Pressemitteilung 4. November 2024
Der Exportmotor braucht Starthilfe
BWIHK-Umfrage zeigt Rückgang im Außenhandel – Paal fordert: Exportwirtschaft von drückender Bürokratie befreien
Das nachlassende Auslandsgeschäft entwickelt sich zunehmend zum Risiko für die wirtschaftliche Entwicklung. Dieser Meinung sind die Hälfte aller baden-württembergischen Industrieunternehmen, die die IHK Region Stuttgart für die aktuelle Konjunkturumfrage des BWIHK befragt hat. Damit die exportierenden Unternehmen wieder durchstarten können, fordert Claus Paal, Vizepräsident des BWIHK und Präsident der IHK Region Stuttgart, eine wirtschaftspolitische Agenda für Deutschland. Der Freihandel müsse wiederbelebt, die Unternehmen von ausufernden Dokumentationspflichten befreit und staatliche Subventions- und Förderprogramme kritisch evaluiert und neu ausgerichtet werden.

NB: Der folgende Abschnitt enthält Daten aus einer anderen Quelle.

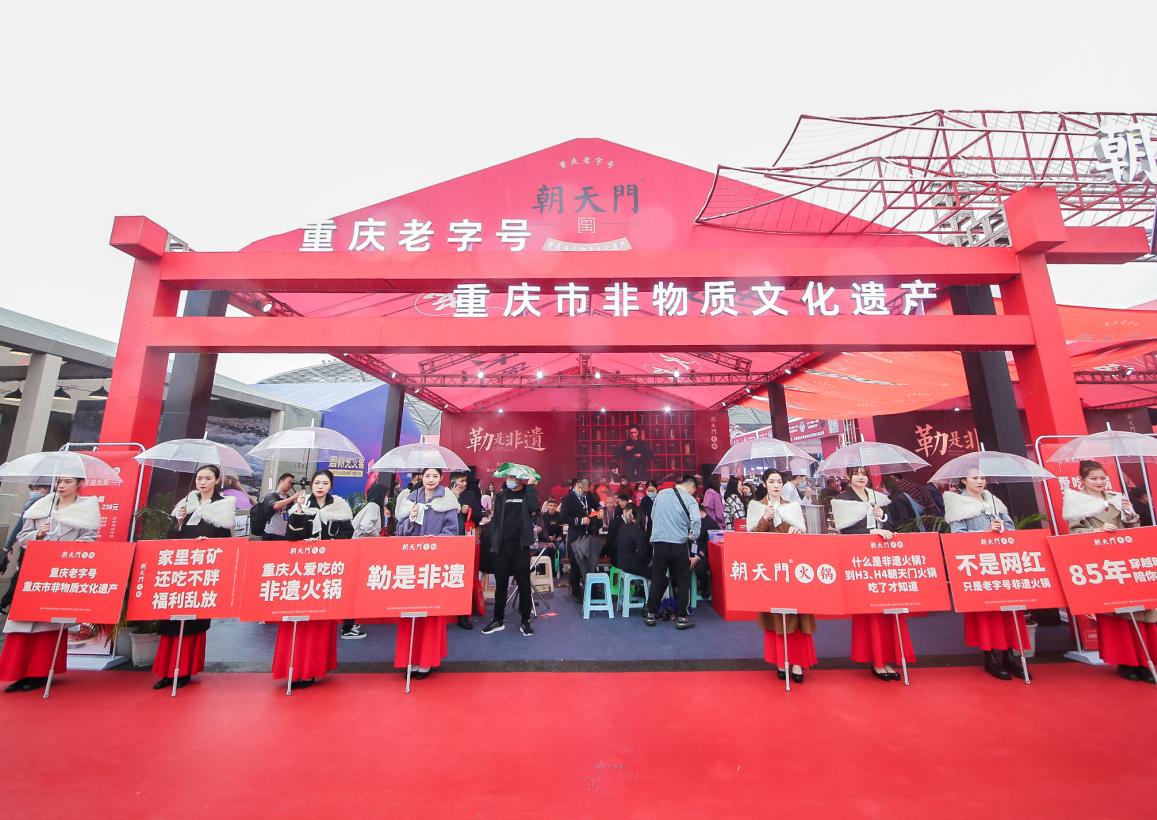 朝天門特色火鍋在哪些城市有店？如何加盟？
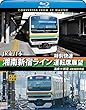 湘南新宿ライン特別快速運転席展望 【ブルーレイ版】高崎 ⇒ 新宿　4K撮影作品 [Blu-ray]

„Auf rettende Nachfrageimpulse aus dem Ausland kann sich die baden-württembergische Wirtschaft diesmal nicht verlassen“, erklärt Paal. Denn ein Ende der negativen Entwicklung ist nicht in Sicht: 32 Prozent der von der IHK befragten Industrieunternehmen rechnen damit, dass die Exporte auch in den kommenden zwölf Monaten zurückgehen werden. Auch Zahlen des statistischen Landesamts bestätigen diesen Trend: Demnach ist der Außenhandel von Januar bis August 2024 spürbar zurückgegangen. Die Exporte sanken im Vergleich zum Vorjahreszeitraum um 2,7 Prozent, die Importe um 6,2 Prozent.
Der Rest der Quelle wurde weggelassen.